In February 1961 the Queen took delivery of her first Rover P5 3 litre Mk 1 which was registered JGY 280 and finished in dark green. In May 1961 the Queen Mother took delivery of a similar 3 litre car registered VUL 4. Neither car was obviously different from standard specification, although VUL 4 did carry a discreet identifying lamp at the base of its roof-mounted radio aerial and was illuminated when in use by a member of the Royal family. This was to allow the police on point duty to quickly identify and usher the Royal Rover through the traffic.

In 1963 the Queen took delivery of the first of two 3 Litre Mk 2 cars, the first carrying forward the personal number plate JGY 280 with the second Mk 2 being built rather later, finished in Pine Green, and registered 155 HYU. This was an additional car, not a replacement, and delivered to the Royal Estate at Sandringham and is still housed in the Royal Mews and is on display for visitors to see, among other Royal vehicles.

It is clear that the Queen had considered the Rover P5 her favourite car during the 1960s and when the 3-litre models were no longer available, she took delivery of her first P5B replacement.
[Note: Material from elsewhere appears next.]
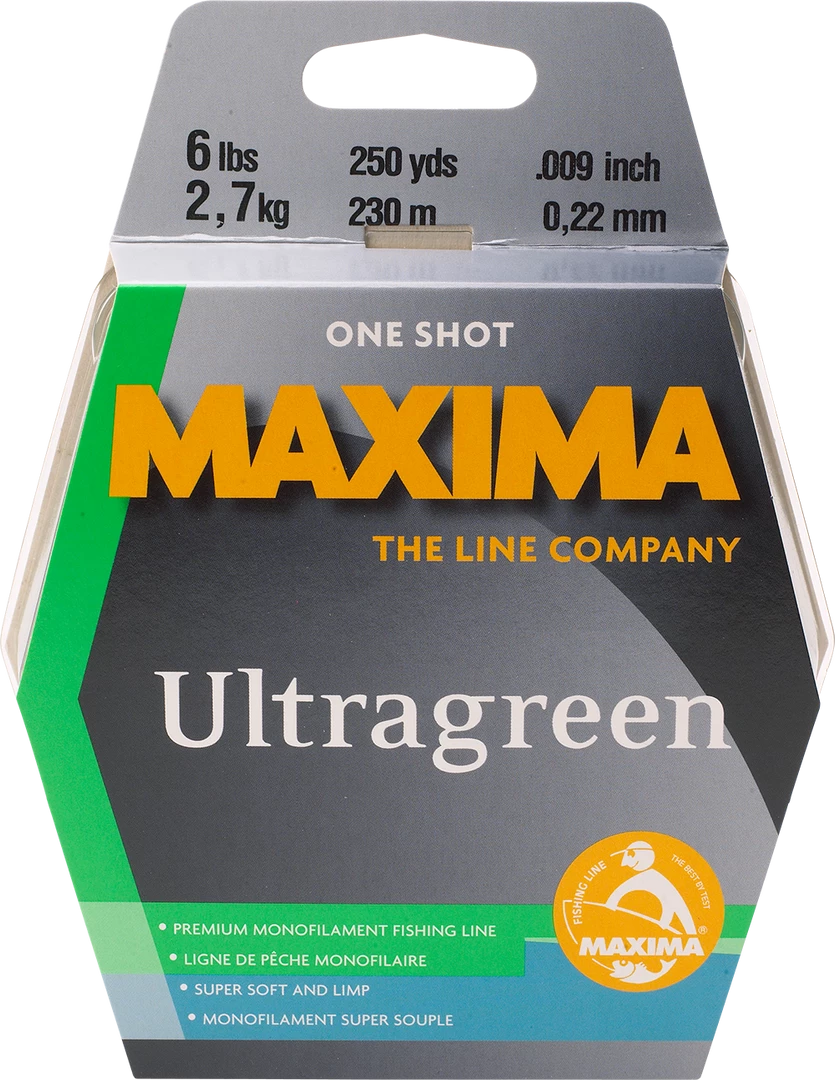 Maxima Ultragreen Copolymer Monofilament One Shot Spools 3 Maxima Ultragreen Copolymer Monofilament One Shot Spools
Rover records suggest that just two P5Bs were delivered for her personal use and both were saloons, although other P5Bs were undoubtedly used by the Royal Household more generally.

The first of these two cars was VIN 84007057D, which was finished in a special dark green (Recorded as T&N Dark Green) which she specifically requested and it was delivered towards the end of January 1971 with the registration number JGY 280.

The Queen's second car was also in the T&N Dark Green and was VIN 84100723D – the last P5B manufactured in 1973 but not delivered to the Queen until March 1974, as it had a number of modifications as a consequence of the Irish Troubles. The Queen appears to have wanted to retain her private registration JGY 280 which had been on all of her earlier Rovers, but the car was given the contemporary number of JGY 280K – presumably because that was less conspicuous for a car which she used to drive unaccompanied on public roads. As of 1997, both cars were still owned by the Queen and retained at the Gaydon Motor Heritage Museum.